Thanks. That's a fun site to try to use with flashblock....
GDP is a far smaller number than national assets ($65 trillion less)
What's the point of comparing them? They're barely even in the same units (dollars/year vs dollars).
, but the problem with that discussion is that our government doesn't use the same generally accepted accounting principles (GAAP) that is expected of any large organization.
Why on earth should they? A national government is very different in a number of ways--having its own currency not the least....
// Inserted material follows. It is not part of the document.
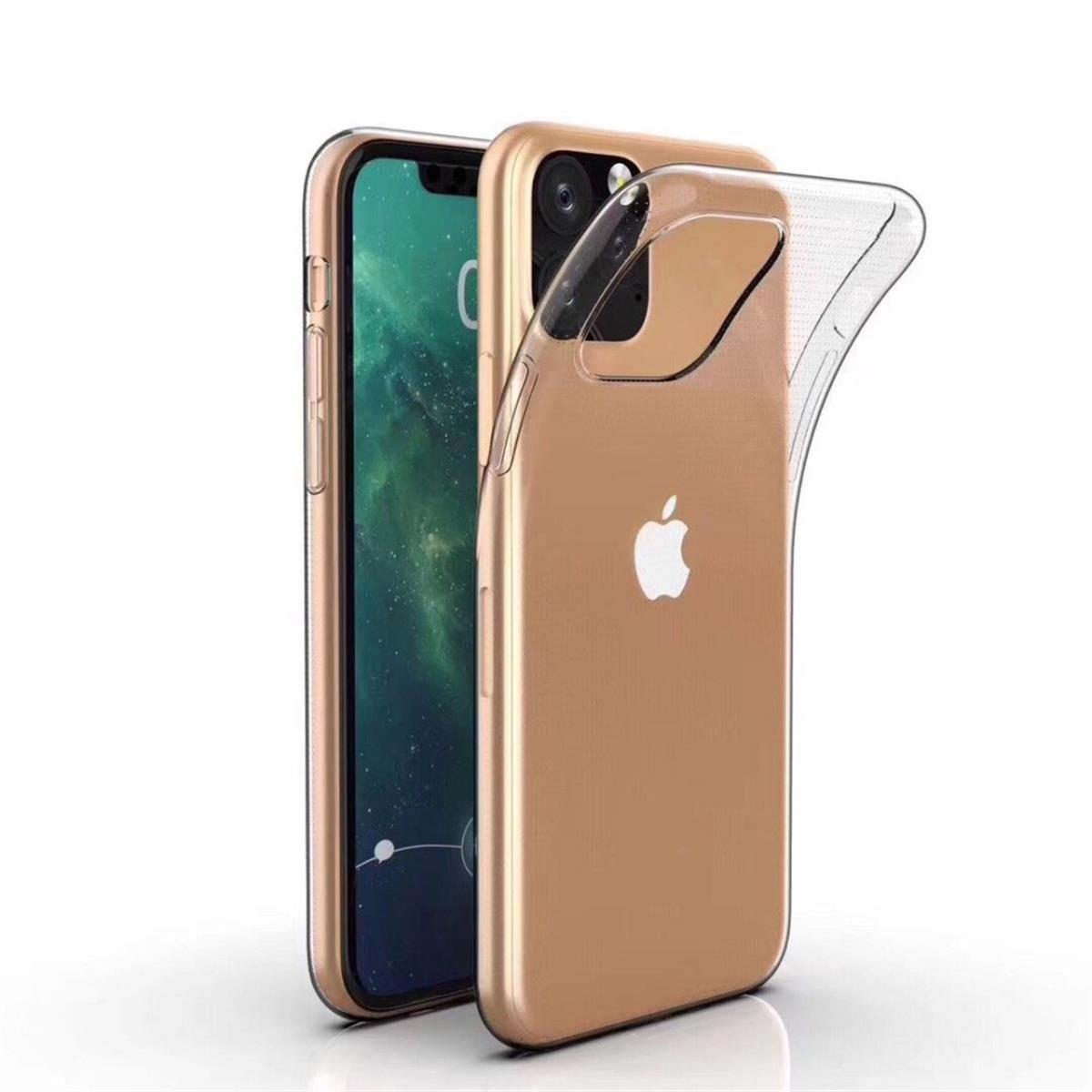 Hülle für Apple iPhone 11 Pro Max [6,5 Zoll] Handyhülle Case Schutzhülle transparent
They use cash, rather than accrual, accounting, which is highly inaccurate. In accrual accounting, all revenues and expenditures are counted right away, allowing for a complete picture of an organizations finances. If our government held itself to the same accounting principles that it expects of major corporations, then our debt is more like $127 trillion.
Huh. How do you calculate the total debt using "accrual" accounting? I mean, if you assume social security and medicare will continue as they are without any tax changes to increase revenue in the coming decades, and you book that all now--yes, of course, you'll get big scary numbers. So what? Is that likely?
But in any case the practical questions are how our debt load is likely to impact our everyday lives. Why is an accrual-based national debt, or total national assets, or whatever, a better measure of that than any of the measures (debt/GDP ratios, bond yields, whatever) that economists usually use to decide whether countries (not companies, but countries!) are in trouble?